L’autunno era iniziato da un paio di settimane; la temperatura, che non raggiungeva vette particolarmente alte neppure in estate, si era abbassata ulteriormente, aiutata anche dal vento e dall’alta umidità. Sul suolo di quella distesa d’erba che fino a non molto tempo prima era verdissima, erano cosparse numerose pozzanghere che erano particolare attributo delle caratteristiche naturali del villaggio, infatti quella terra era conosciuta per la sua capacità di trattenere l’acqua; le foglie dai colori caldi erano disperse qua e là sul terreno mentre dagli alberi continuavano a caderne, almeno finché non le avessero perse tutte sostituendo la loro immagine con quella che avrebbero assunto in inverno. Il rumore dei tacchetti batté duro ad ogni passo quando Sophie attraversò lo stretto e corto ponticello in legno che univa le due parti di terreno divise da un ruscello; la ragazza sollevò di poco la lunga gonna di tessuto grigio per facilitarsi il passo, nel mentre osservò minuziosamente il paesaggio e tutto ciò che la circondava così da poterlo successivamente scrivere, e descrivere, in quella che sarebbe divenuta l’ennesima lettera da spedire a Vincent. Erano passati più di tre anni dall’ultima volta in cui si erano visti; Vincent era partito da un giorno all’altro per affari e da quel momento non fece più ritorno. Sophie sapeva che si trovava da qualche parte in Francia ed il suo unico modo per poter ancora ascoltare le sue parole erano diventate le lettere che non mancavano di scambiarsi più volte al mese. 

Sophie fece un sospiro; si strinse nelle spalle per il freddo e osservando il cielo notò le grosse nuvole grigie che si avvicinavano all’orizzonte, segno di un imminente e non raro temporale. Invertì il passo per poter tornare indietro; quel pomeriggio il mondo attorno a lei apparve particolarmente silenzioso, al suo fianco non vi era nemmeno Peter che le era sempre stato di compagnia in quegli anni di solitudine, e che continuava ad esserci per lei per qualsiasi cosa; vi era soltanto una leggera nebbia a circondarla e a rendere il paesaggio più cupo.
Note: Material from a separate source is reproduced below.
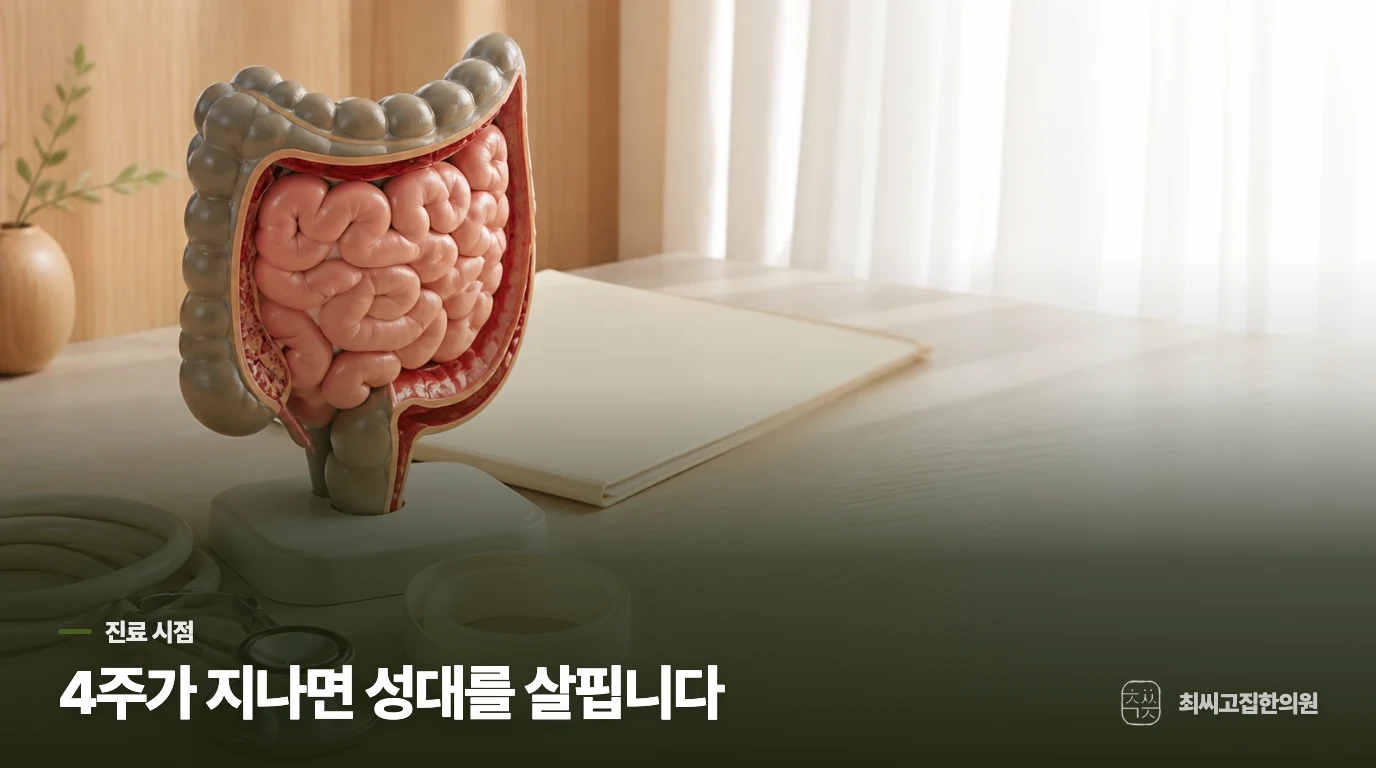 쉰 목소리가 4주를 넘기면 성대를 봅니다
Prima di far ritorno a casa Jenkins, la ragazza si fermò a fare visita al cimitero come si era abituata a fare durante quell’ultimo anno. Osservò le numerose lapidi con incisi nomi che ormai conosceva a memoria per le tante volte che li aveva letti; percorse dritta la strada tra esse per un paio di metri e successivamente svoltò a destra dove, in una lapide in pietra scolpita a croce e da un aspetto non particolarmente lavorato, vi era inciso il nome di Rose Harrington, la madre di Vincent.
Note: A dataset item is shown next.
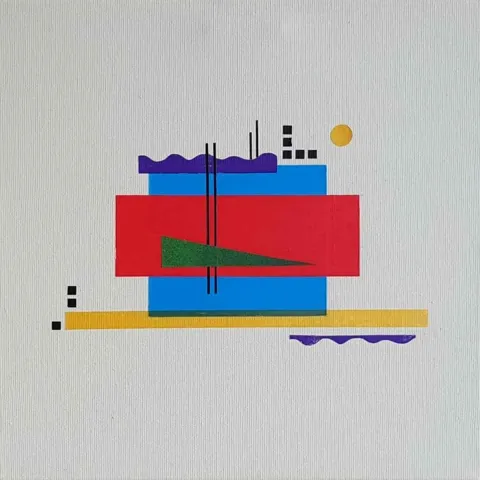 "İsimsiz" eseri NUR YAVUZ tarafından 2019 yılında 25x25 cm ölçülerinde Tuval üzeri yağlı boya tekniği ile yapılmıştır.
Era passato circa un anno da quando le venne raccontata la storia di quella donna sventurata, da quel giorno si sentì un po' più vicina a comprendere l’animo tormentato dell’uomo che l’aveva salvata: un bambino che aveva vissuto e visto il dolore coi propri occhi innocenti.
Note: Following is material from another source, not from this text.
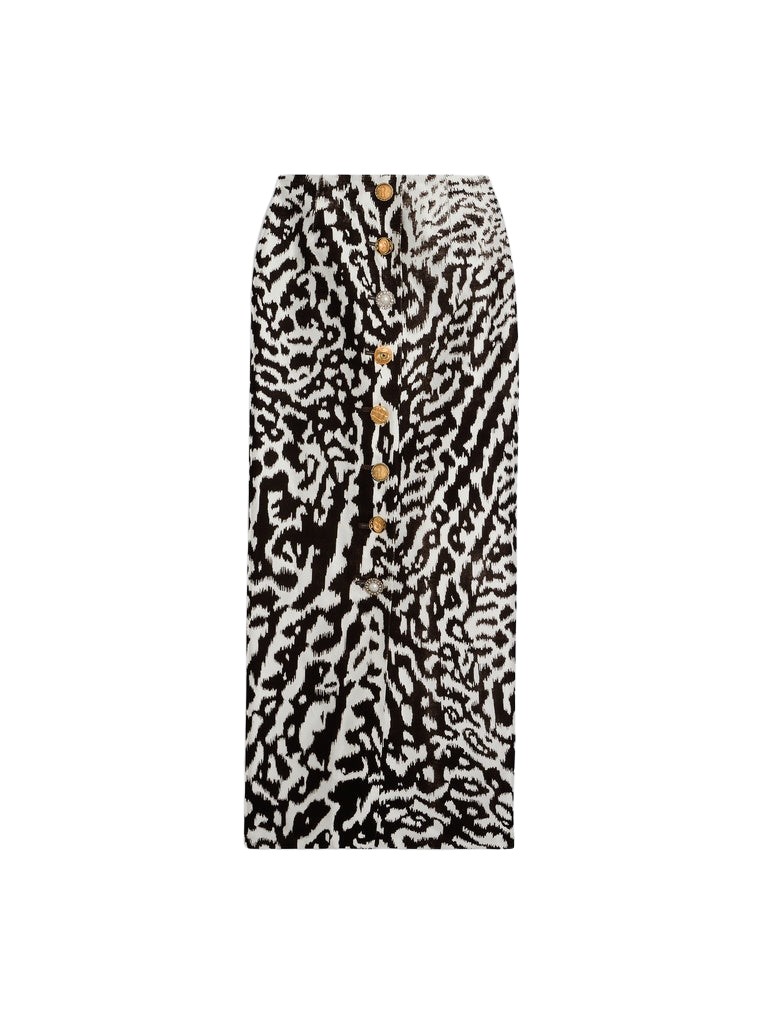 Schiaparelli Animal Print Pencil Skirt Skirts in Schiaparelli Authentic Luxury Fashion at Luxury Shoes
Fu la signora Harriet a raccontarle un anno prima quella storia quando, davanti ad una tazza di tè serale, espose quelle che sentiva essere le proprie colpe verso il nipote.

«Credo che lui voglia restare il più possibile lontano da questa casa. Non l’ha mai amata, lo posso capire, è naturale. Troppi brutti ricordi dimorano qui per lui» affermò Harriet mentre volteggiava il cucchiaino nella tazza con all’interno la bevanda che man mano si raffreddava, senza essere ancora stata toccata. I capelli mossi e di un grigio talmente scuro da apparire quasi neri le conferivano un aspetto più giovanile dell’età che aveva; quella sera erano racchiusi in una crocchia, ma una ciocca che ne era uscita continuava a penzolarle sul viso incurvato dalle rughe. L’abito elegante e da giorno invece era già stato sostituito dalla vestaglia da notte, coperta da uno scialle chiaro appoggiato sulle spalle strette che spesso scivolava come se stesse per cadere. Sophie rimase a fissare la donna che manteneva uno sguardo assorto sulla tazza di porcellana; non fece ancora domande e la lasciò parlare, sempre speranzosa che le venisse raccontato qualcosa.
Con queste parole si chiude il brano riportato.